Que tous les petits-chefs et autres kapos en tirent des leçons ! Ceux qui acceptent de se compromettre pour gagner une apparence de pouvoir sont au mieux récompensés par les miettes qui tombent de la table des puissants et ils peuvent connaître pire. Qu’ils n’attendent surtout pas de reconnaissance de la part de ceux à qui ils rendent service !
Quelques-uns, parmi les vendus à la cause de Staline, ont fait la chasse aux trotskystes en Espagne. Certains ont peut-être participé à l’élimination d’Erwin Wolf vers la même époque. Ignace Reiss n’a rien de commun avec eux. Il a actuellement pour mission d’acheminer clandestinement des armes russes pour les républicains espagnols. Il a la conviction d’aider ainsi à défendre les révolutionnaires. Nous savons pourtant que ce soutien militaire de la Russie est mesuré. Il est suffisant pour permettre aux staliniens de prendre une place prépondérante dans le mouvement ouvrier mais il est insuffisant pour assurer la victoire des travailleurs.
La lettre de Reiss exprime clairement la situation des révolutionnaires de 1917 qui se trouvent maintenant face à cette alternative : se compromettre avec le régime stalinien pour faire la chasse à tous ceux qui restent fidèles aux idées révolutionnaires ou s’en tenir à la politique qu’ils défendaient dans leur jeunesse et se rallier à la IVème internationale. Sa lettre, que voici, a une valeur de manifeste pour ceux qui veulent continuer leur combat.
Ignace Reiss a décidé de ne pas obéir au rappel qui lui a été envoyé de Moscou. Il le dit à son ami Krivitsky, qui a reçu pour mission de le faire rentrer en URSS pour « consultation ». Les deux amis partagent les mêmes sentiments par rapport à l’évolution de la situation en Russie et ils envisagent tous les deux de faire défection. Krivitsky se rend à Amsterdam pour y rencontrer Henk Sneevliet. Ce dirigeant du RSAP (Revolutionair Socialistische Arbeiderspartij - Parti ouvrier socialiste révolutionnaire), vétéran communiste hollandais, est très connu. Il est l’ami de Reiss et de Krivitsky. Henk Sneevliet (1883-1942) avait été un des pionniers du communisme en Hollande, en Indonésie et en Chine où il avait été l'émissaire de l'IC (l’Internationale Communiste). II avait connu Reiss en tant qu'agent de renseignements soviétique au cours des années vingt et l'avait aidé. C'est par Henk Sneevliet que Reiss cherche à prendre contact avec la IVème Internationale. Il ne sait pas que Trotsky et Sneevliet sont entrés en conflit récemment ce qui crée une difficulté supplémentaire car Sneevliet ne fait pas suivre la lettre immédiatement ce qui lui sera reproché par Trotsky. (Voir ce dossier avec une lettre de Trotsky à Sneevliet. Voir aussi le texte de Trotsky : « Une Fois de plus sur les camarades Vereeken et Sneevliet »).
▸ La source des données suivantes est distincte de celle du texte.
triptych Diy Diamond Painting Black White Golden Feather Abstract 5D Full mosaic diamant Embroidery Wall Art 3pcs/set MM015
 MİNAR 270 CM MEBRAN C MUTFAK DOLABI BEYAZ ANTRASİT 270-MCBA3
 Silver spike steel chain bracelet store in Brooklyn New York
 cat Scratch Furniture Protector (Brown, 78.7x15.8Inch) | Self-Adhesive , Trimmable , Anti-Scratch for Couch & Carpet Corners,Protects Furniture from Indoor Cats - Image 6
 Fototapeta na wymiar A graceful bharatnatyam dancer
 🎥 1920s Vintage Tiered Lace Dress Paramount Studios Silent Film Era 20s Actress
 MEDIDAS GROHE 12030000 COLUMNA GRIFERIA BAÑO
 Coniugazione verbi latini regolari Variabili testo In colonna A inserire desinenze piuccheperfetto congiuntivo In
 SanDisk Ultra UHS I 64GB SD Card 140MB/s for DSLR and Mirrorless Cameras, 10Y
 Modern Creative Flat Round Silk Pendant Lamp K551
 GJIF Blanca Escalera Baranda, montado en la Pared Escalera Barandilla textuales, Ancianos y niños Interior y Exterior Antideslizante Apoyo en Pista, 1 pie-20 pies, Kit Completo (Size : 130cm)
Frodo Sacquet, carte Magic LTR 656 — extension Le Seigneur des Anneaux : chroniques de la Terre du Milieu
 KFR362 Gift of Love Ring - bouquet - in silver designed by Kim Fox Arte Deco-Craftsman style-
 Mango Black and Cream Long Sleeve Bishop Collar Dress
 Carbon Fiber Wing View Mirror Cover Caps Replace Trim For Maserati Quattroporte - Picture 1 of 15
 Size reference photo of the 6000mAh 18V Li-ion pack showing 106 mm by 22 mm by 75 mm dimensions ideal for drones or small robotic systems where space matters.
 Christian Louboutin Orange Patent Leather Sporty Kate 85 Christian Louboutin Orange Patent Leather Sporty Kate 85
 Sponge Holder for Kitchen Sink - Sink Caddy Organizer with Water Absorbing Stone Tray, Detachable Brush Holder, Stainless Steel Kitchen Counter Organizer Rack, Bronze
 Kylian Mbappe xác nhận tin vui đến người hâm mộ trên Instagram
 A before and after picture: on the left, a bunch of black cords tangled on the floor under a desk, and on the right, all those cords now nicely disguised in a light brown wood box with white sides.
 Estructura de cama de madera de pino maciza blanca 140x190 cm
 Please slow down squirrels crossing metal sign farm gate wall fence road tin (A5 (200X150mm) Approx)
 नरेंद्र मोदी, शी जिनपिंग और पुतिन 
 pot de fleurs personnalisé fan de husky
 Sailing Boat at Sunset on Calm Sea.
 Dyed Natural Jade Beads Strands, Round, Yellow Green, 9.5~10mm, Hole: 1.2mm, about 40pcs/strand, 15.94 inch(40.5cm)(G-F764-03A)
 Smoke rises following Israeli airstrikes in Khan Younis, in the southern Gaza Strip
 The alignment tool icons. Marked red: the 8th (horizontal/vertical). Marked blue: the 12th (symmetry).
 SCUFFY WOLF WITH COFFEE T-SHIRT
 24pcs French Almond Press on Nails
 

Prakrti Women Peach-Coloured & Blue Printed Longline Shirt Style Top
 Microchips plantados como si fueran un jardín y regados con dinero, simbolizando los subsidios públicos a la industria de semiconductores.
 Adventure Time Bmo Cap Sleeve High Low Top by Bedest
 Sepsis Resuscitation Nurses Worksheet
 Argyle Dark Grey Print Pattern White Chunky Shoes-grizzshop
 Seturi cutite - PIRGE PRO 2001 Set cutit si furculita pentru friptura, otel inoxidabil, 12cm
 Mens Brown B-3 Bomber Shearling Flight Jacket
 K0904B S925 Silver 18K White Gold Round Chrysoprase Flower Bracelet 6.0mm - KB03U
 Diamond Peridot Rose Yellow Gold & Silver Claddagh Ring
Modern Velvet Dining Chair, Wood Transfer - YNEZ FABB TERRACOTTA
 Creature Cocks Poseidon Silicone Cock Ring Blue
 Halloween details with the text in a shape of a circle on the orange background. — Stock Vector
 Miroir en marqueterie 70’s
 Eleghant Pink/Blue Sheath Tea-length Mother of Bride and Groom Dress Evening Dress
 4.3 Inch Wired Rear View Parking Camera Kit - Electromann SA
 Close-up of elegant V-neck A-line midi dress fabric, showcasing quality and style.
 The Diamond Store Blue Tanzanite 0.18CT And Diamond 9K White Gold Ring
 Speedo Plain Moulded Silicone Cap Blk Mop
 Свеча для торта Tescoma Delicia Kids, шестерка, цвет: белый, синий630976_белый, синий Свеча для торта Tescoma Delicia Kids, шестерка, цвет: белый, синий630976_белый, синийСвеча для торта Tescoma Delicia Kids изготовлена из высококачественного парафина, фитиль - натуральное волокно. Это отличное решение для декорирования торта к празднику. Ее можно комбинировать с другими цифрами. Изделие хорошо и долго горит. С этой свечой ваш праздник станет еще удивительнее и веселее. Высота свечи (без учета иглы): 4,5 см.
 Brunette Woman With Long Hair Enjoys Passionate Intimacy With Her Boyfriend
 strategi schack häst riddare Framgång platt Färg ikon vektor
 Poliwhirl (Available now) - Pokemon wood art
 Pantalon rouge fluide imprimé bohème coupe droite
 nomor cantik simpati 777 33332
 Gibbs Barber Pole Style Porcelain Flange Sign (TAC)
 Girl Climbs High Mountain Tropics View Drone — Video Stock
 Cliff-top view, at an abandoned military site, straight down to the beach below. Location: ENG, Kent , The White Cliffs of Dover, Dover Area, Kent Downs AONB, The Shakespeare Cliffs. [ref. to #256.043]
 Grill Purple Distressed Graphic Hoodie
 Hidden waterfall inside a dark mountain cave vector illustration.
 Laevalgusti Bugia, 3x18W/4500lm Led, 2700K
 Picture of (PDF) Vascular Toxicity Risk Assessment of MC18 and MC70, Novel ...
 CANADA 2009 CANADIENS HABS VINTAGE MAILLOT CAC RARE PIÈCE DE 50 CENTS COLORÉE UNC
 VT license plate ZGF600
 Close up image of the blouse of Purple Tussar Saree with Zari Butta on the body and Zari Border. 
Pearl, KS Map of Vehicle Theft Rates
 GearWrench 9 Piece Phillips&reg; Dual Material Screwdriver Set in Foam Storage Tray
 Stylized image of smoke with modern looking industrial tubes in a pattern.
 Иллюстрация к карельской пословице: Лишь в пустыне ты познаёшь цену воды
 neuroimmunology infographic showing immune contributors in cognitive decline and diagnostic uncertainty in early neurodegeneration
Ignace Reiss a adressé sa lettre de démission au Comité Central du PCUS et il l’a remise le 17 juillet à Mme Grozovsky, attachée au consulat soviétique de Paris pour qu’elle soit acheminée à Iejov. Il aurait pu se passer de ce geste d’une loyauté qui n’était sans doute pas indispensable. Cette attitude chevaleresque lui fait prendre des risques supplémentaires car les délais dont il dispose sont désormais plus courts qu’il ne le croit. Il ne sait pas que Mme Grozovsky, est directement sous les ordres de Sloutsky, le chef du service étranger du NKVD de même que Véniamine Beletsky qui l’accompagne et qui est officiellement l’adjointe de Sloutsky. Elles remettent la lettre à Spiegelglass qui est opportunément à Paris. Spiegelglass comprend qu’il ne faut pas que la lettre soit diffusée. Il faut bloquer toute action de ce « traitre ». Le mieux étant de faire en sorte qu’il ne puisse plus jamais ni parler ni écrire.
Les tueurs du NKVD sur les traces d’Ignace Reiss
Au moment où Reiss remet sa lettre à Mme Grozovsky, celle-ci lui remet une lettre de son chef, Sloutsky qui conseille à Reiss « le repos ». Il lui fait part aussi d’un « appel au secours » d'une de ses vieilles collaboratrices, l'allemande Gertrud Schildbach. Reiss l’a connait depuis longtemps. Il avait commencé par l'utiliser pour son travail sans indiquer son nom au GPU car il redoutait sa fragilité psychologique. Elle avait vécu un moment difficile dans sa vie privée quand son mari l'avait abandonnée. Elle avait émigré en 1933, à Paris, puis à Rome et, depuis, elle servait le NKVD dans des taches tout à fait marginales. Elle était maintenant, à ce titre, officiellement une collaboratrice d’Ignace Reiss.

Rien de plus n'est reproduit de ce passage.